Investigating the Impact of Dope Solution Composition on PVDF Membranes
AIChE Annual Meeting
2023
2023 AIChE Annual Meeting
Annual Student Conference: Competitions & Events
Undergraduate Student Poster Session: Materials Engineering and Sciences
Monday, November 6, 2023 - 10:00am to 12:30pm
This research aims to achieve the fabrication of a successful polyvinylidene fluoride (PVDF) membrane through the incorporation of an additive and support layer. The study involves comprehensive characteristic analysis of these membranes such as permeability, rejection and contact angle measurements. Due to the hydrophobicity of PVDF-based membranes, they are prone to fouling and inefficiently absorb organics [1]. The change in composition of the dope solution and addition of polyvinylpyrrolidone (PVP) will allow for surface modification of these membranes. To enhance the performance of the PVDF membrane this research explores the influence of different compositions of PVDF in the dope solution in addition to variations of PVP. 17% PVDF in the dope solution was found to be the most consistent when analyzing permeability and rejection data.

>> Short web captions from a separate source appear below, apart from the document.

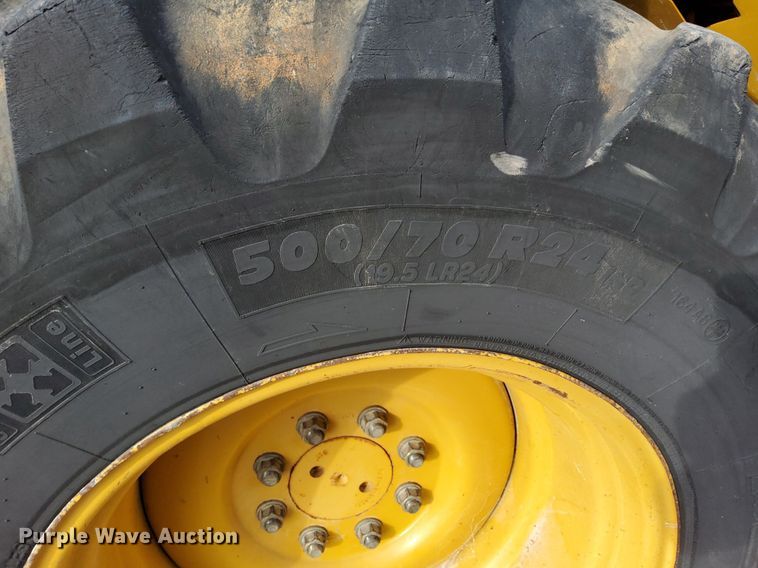 image for item DO4679 2002 Caterpillar 416D Backhoe 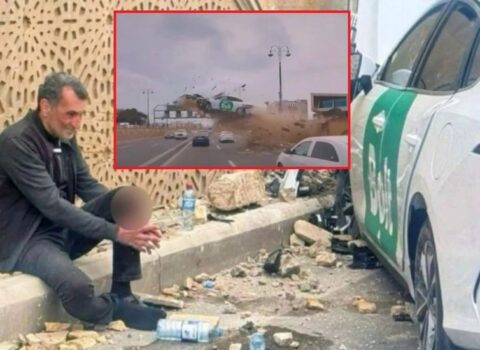 “Bolt”dan “uçan maşın”la bağlı açıqlama: “Taksi parkı tərəfindən sertifikatı olmayan sürücü daşımalara cəlb edilib”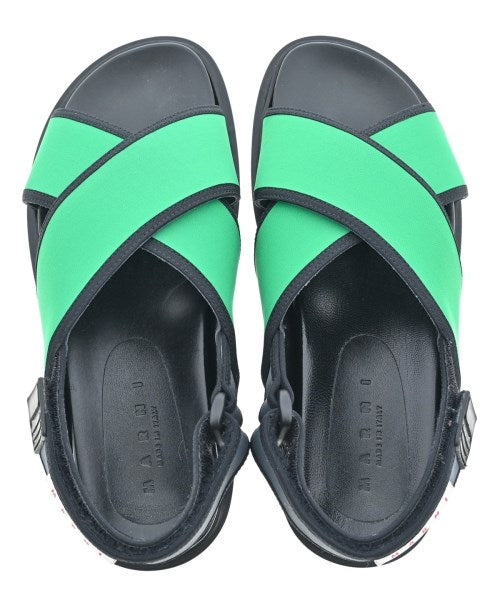 MARNI รองเท้าแตะ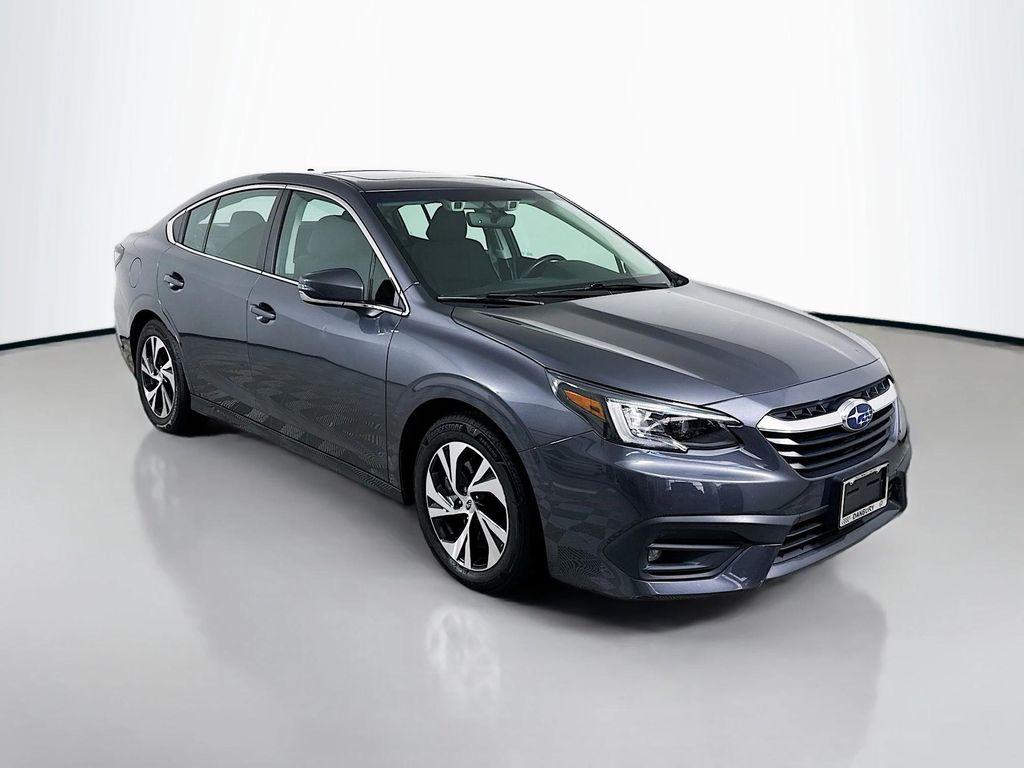 used 2020 Subaru Legacy car, priced at $15,997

To increase the permeability of the 17% PVDF membrane, 0.5% PVP was added to the dope solution. PVP functioned as a stabilizer and thickening agent due to its hydrophilic nature, therefore decreasing the contact angle of the 17% PVDF membrane. The evaporation time was explored and was found to have a small impact on the permeability of the membrane, decreasing it slightly and increasing the rejection. The successful development of a PVDF single layer membrane is paramount as it serves as a foundational milestone for initiating the fabrication of composite membranes with polysulfone (PSf). The inclusion of PVP in the dope solution may have played a role in the effective mixing of the two dope solutions when casting the composite. Due to the experimentation being done on a lab scale, collaboration with the Georgia Institute of Technology and their slot die coating machine will be helpful in creating large scale membranes for commercial water filtration.